To order "How to Write Letters for All Occasions," send a business-sized, self-addressed envelope, plus check or money order for $3.95 ($4.50 in Canada) to: Dear Abby, Letter Booklet, P.O. Box 447, Mount Morris, Ill. 61054-0447. (Postage is included.)
DEAR ABBY: My husband was downsized from a large company 16 months ago. He collected unemployment for six months, then began a business that he runs from our home.
I have been the sole support of our family during this period. Recently he began taking a class near his former office. His class began in the morning and ended at 2 p.m. When he returned home one evening, I asked him how his day had gone. He stated that he had gone to lunch with a lady from his old office. (She happened to call him last week for someone's phone number and mentioned that "no one ever takes her to lunch.") My husband generously offered because he was going to be in the area the next week. He never mentioned it during the week prior to what I call "his date."

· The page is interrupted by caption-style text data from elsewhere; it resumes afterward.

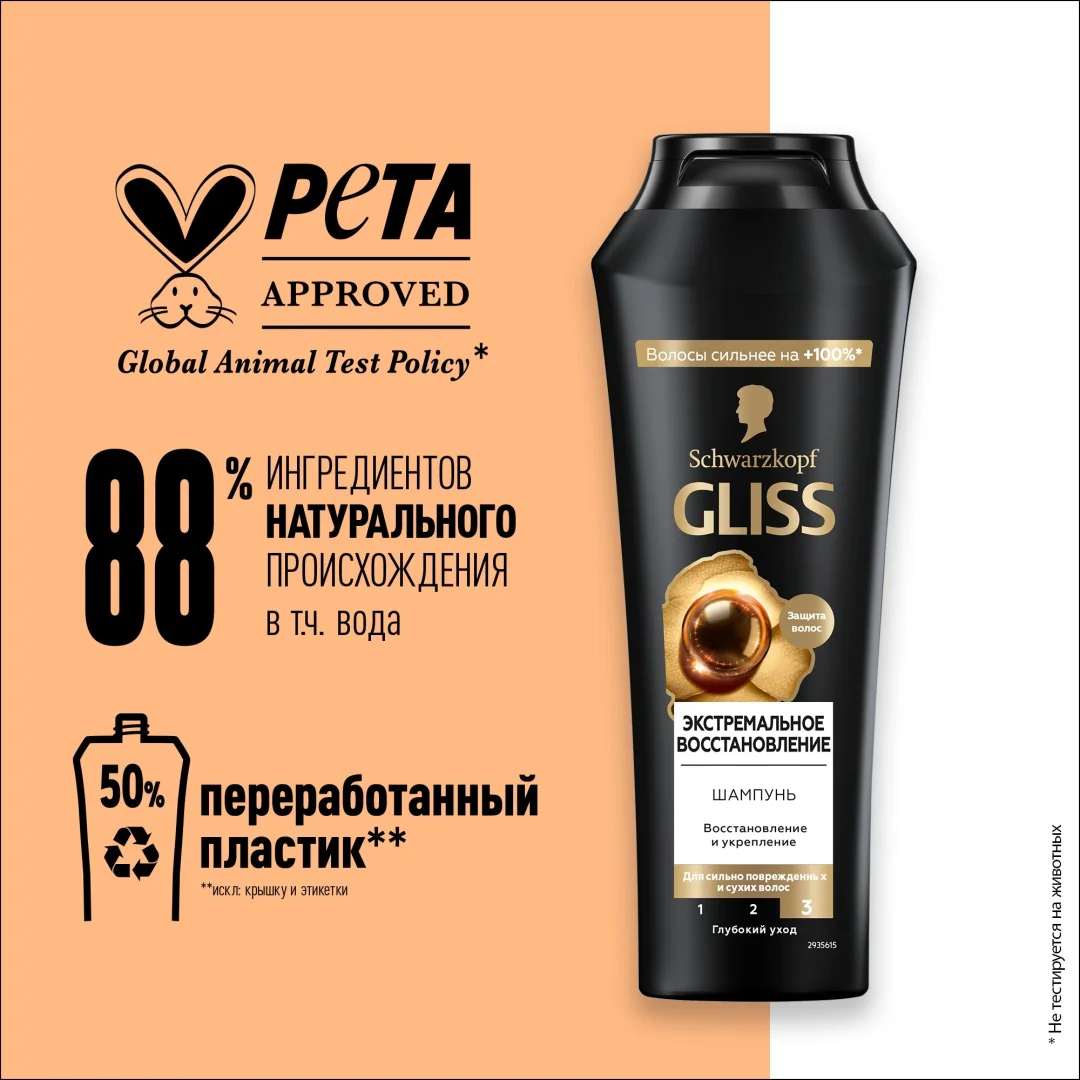 Шампунь Gliss Kur экстремальное восстановление 400 мл купить,NaN
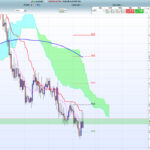 Ichimoku bearish screener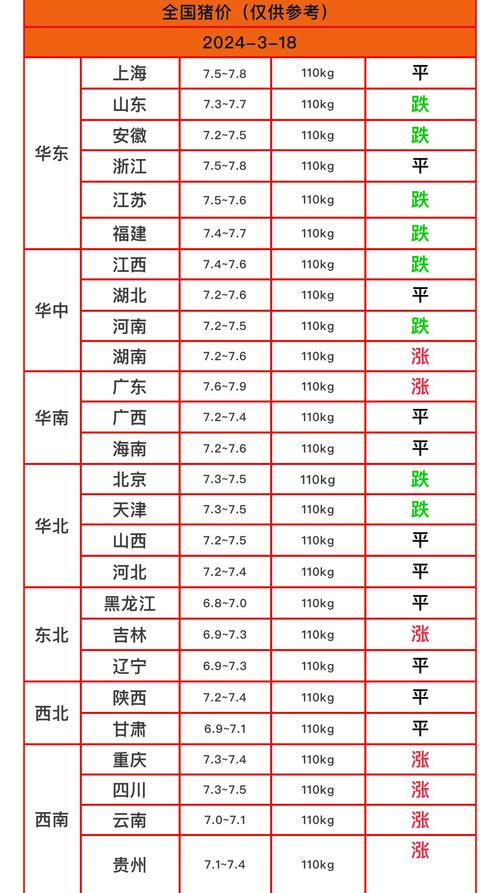 2019猪肉疫情新闻/2019猪肉病毒最近新闻-第7张图片 2019猪肉疫情新闻/2019猪肉病毒最近新闻-第7张图片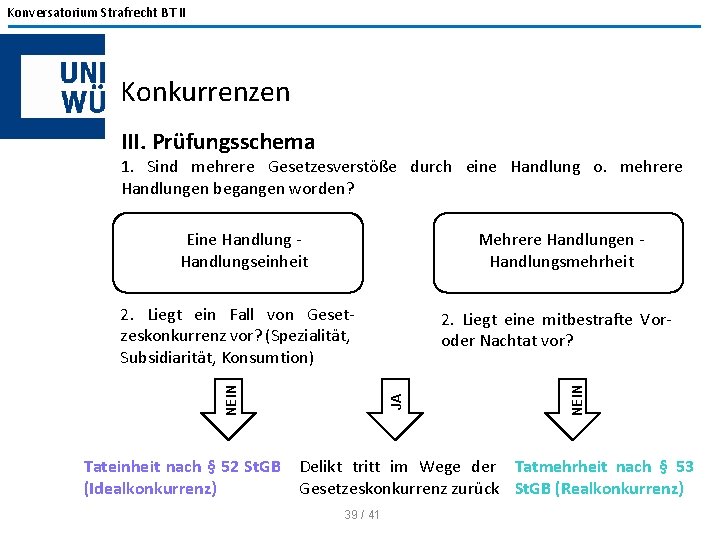 Konversatorium Strafrecht BT II Konkurrenzen III. Prüfungsschema 1. Sind mehrere Gesetzesverstöße durch eine Handlung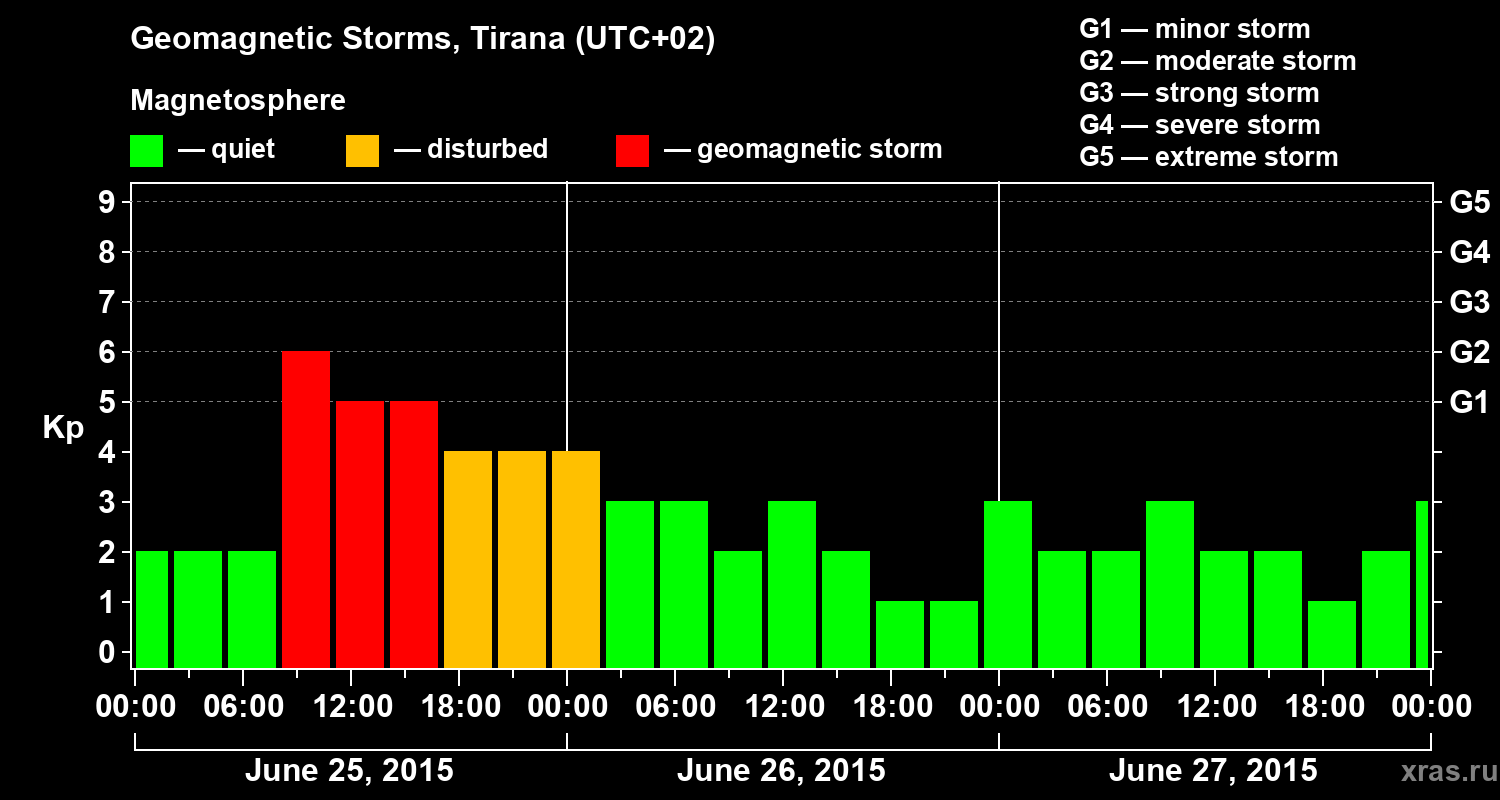 Changes in the geomagnetic index Kp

His class needed to work through lunch, so he called her to tell her. She offered to wait for him and have a late lunch when his class was over. He called her on my cell phone before the end of class to say he'd pick her up. This was at 1:30 p.m. He picked her up at his former office, and they drove to an expensive restaurant because "he didn't want to run into any former co-workers from his old company."
As he told me this story, I started to get angry because he had told me the previous day that we could not go out to eat because money was tight. When he saw I was getting angry, he jokingly said he had just made up the story to see my reaction. I decided to check it out by looking for a receipt from the restaurant that he originally stated he had gone to. I found it in his wallet and saw that his first story had been the correct one.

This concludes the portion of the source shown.